计算彩票赔率 - 关于代码的问题

Question

I was analyzing the following code concerning Lottery Odds and I have 2 questions:

• why do we need to set lotteryOdds' value to 1 first (also, is it a usual situation in calculations of this type?)

• I know the formula used for counting the odds (n*(n-1)...(n-k+1)/(1*2...*k), but if someone explained me how it works in accordance to repeating the "for" loop, I'd appreciate.
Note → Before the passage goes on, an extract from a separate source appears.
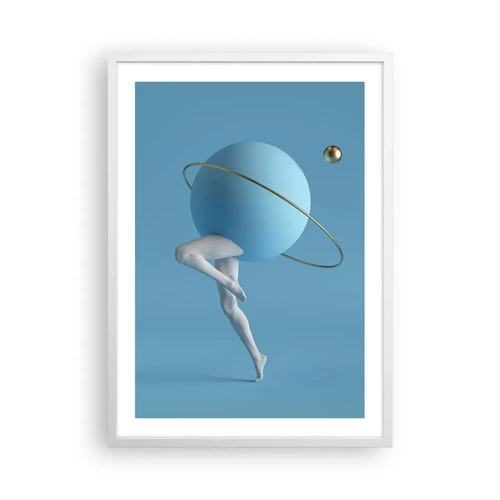 Plakát v bílém rámu - Šílenství planet - 50x70 cm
   import java.util.Scanner; public class LotteryOdds { public static void main(String[] args) { Scanner in = new Scanner(System.in); System.out.println(" How many numbers do you need to draw? "); int k = in.nextInt(); System.out.println(" what is the highest numbers you can do draw? "); int n = in.nextInt(); int lotteryOdds = 1; for (int i = 1; i <= k; i++) { lotteryOdds = lotteryOdds * (n - i + 1) / i; System.out.println("Your odds are 1 in " + lotteryOdds + " . Good luck!"); } }

  }

Answer 1

The lotteryOdds variable needs to be 1, because if you do 0 * something you will always get 0, so the program will always return 0. As for the loop, lets change the values and go trough the loop: First iteration:

lotteryOdds = 1 * (n - 1 + 1) / 1 = n / 1

Second iteration:

lotteryOdds = n * ((n - 2 + 1) / 2) = (n / 1) * ((n - 1) / 2) = n * ((n - 1) / 2) = ((n * (n - 1)) / (1 * 2)

Etc. So when you generalize it you get: (n * (n - 1)...(n - k + 1) / (1 * 2 ... * k) just like in the formula above.